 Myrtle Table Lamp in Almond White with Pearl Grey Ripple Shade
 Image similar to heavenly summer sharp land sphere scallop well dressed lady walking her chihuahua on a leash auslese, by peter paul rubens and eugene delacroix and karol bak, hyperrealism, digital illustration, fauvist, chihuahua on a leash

==

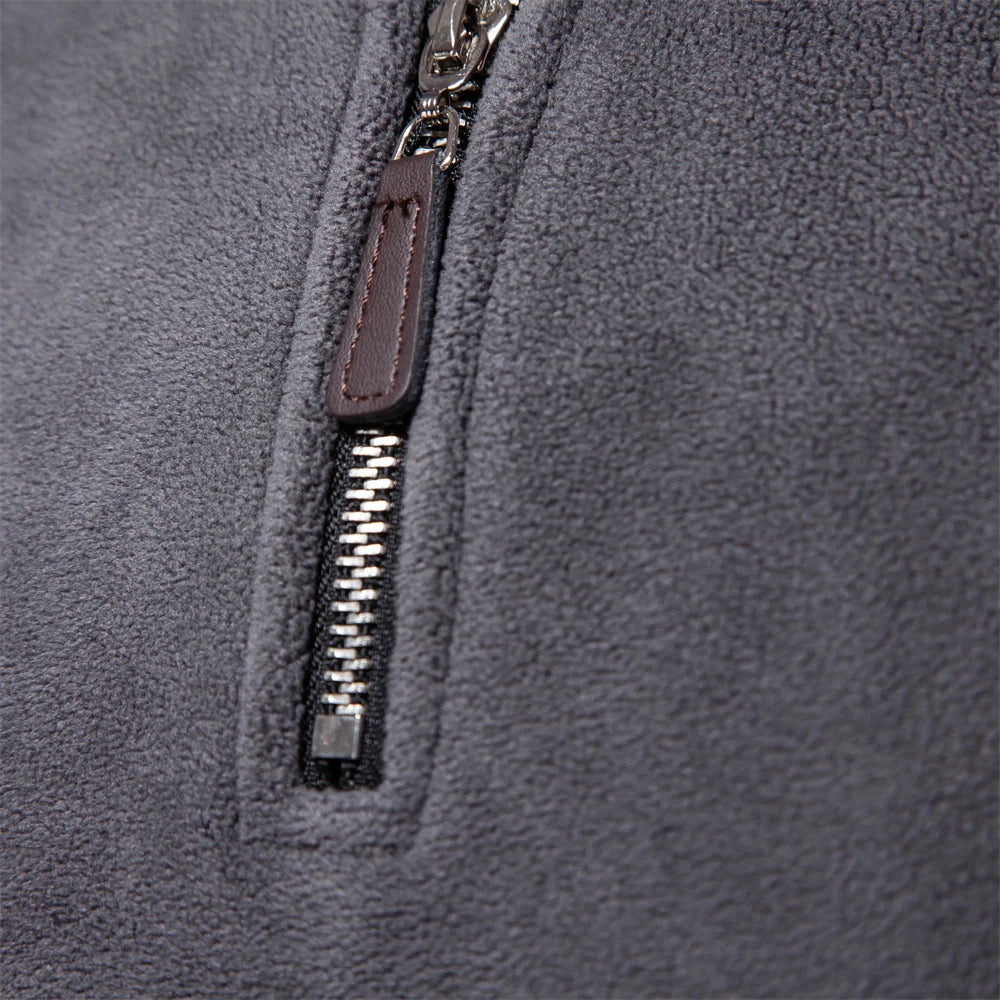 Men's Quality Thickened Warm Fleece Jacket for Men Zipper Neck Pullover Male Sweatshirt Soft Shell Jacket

--

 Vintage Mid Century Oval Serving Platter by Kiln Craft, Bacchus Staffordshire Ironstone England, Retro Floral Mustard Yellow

• [TASK DIRECTIONS]: All that is wanted is a faithful reproduction of the line above with "Myrtle Table Lamp", the line with "Image similar to", and every line in between.

• [PROBLEM SOLUTION]:
 Myrtle Table Lamp in Almond White with Pearl Grey Ripple Shade
 Image similar to heavenly summer sharp land sphere scallop well dressed lady walking her chihuahua on a leash auslese, by peter paul rubens and eugene delacroix and karol bak, hyperrealism, digital illustration, fauvist, chihuahua on a leash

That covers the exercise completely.